## Description of the task
Only those lines in the data below from the line containing "New 2025 Jeep" through the line containing "Mathieu van der", both included, should be restated word for word.

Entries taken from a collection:
########

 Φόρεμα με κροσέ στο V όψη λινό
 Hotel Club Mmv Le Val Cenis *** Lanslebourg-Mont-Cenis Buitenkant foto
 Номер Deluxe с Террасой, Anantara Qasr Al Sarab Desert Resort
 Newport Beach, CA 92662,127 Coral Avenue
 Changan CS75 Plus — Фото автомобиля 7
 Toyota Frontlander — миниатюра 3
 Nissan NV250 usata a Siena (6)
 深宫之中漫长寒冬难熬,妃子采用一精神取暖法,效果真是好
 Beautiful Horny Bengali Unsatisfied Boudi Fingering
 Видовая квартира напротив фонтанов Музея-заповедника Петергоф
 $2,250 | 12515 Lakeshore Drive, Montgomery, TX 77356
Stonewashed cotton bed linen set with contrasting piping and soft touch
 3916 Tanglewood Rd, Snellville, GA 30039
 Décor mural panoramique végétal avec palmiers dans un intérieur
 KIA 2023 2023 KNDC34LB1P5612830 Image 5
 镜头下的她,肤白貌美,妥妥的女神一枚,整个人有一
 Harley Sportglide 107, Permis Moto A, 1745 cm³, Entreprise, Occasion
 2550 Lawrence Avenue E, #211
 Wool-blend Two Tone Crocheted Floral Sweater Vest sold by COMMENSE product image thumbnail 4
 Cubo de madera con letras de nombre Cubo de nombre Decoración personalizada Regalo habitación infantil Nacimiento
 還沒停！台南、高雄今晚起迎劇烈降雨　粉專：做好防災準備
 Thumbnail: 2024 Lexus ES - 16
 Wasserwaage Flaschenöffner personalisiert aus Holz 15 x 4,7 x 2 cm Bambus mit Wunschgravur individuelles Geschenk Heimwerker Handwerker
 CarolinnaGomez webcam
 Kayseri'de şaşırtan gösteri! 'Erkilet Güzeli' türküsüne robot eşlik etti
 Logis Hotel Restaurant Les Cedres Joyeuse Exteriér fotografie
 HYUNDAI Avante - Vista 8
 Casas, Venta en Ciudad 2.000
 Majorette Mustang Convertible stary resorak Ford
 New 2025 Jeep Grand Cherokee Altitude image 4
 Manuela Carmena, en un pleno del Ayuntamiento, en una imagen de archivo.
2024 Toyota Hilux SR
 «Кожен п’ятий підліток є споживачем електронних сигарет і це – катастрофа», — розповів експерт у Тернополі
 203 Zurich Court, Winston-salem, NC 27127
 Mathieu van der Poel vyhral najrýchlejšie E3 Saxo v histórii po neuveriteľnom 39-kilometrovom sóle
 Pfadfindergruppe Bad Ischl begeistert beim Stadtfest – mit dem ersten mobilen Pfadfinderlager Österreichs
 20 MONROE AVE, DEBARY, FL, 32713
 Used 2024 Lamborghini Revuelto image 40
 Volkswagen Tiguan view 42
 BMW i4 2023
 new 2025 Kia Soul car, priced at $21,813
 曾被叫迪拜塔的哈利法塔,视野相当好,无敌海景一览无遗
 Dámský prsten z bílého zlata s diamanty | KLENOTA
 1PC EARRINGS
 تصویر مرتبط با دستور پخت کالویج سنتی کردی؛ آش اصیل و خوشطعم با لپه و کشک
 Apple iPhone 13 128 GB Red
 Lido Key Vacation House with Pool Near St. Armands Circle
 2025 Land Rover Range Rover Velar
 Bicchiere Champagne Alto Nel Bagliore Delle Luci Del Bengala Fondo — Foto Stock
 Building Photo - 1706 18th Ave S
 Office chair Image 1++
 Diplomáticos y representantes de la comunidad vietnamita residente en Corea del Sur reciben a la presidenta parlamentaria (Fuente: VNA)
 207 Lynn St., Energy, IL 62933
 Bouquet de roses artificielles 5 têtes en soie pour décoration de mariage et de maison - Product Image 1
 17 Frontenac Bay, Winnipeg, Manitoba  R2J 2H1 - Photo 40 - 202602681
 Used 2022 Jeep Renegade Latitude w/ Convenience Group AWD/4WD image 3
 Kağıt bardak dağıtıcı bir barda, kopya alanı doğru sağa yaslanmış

########

## Reply to the task
 New 2025 Jeep Grand Cherokee Altitude image 4
 Manuela Carmena, en un pleno del Ayuntamiento, en una imagen de archivo.
2024 Toyota Hilux SR
 «Кожен п’ятий підліток є споживачем електронних сигарет і це – катастрофа», — розповів експерт у Тернополі
 203 Zurich Court, Winston-salem, NC 27127
 Mathieu van der Poel vyhral najrýchlejšie E3 Saxo v histórii po neuveriteľnom 39-kilometrovom sóle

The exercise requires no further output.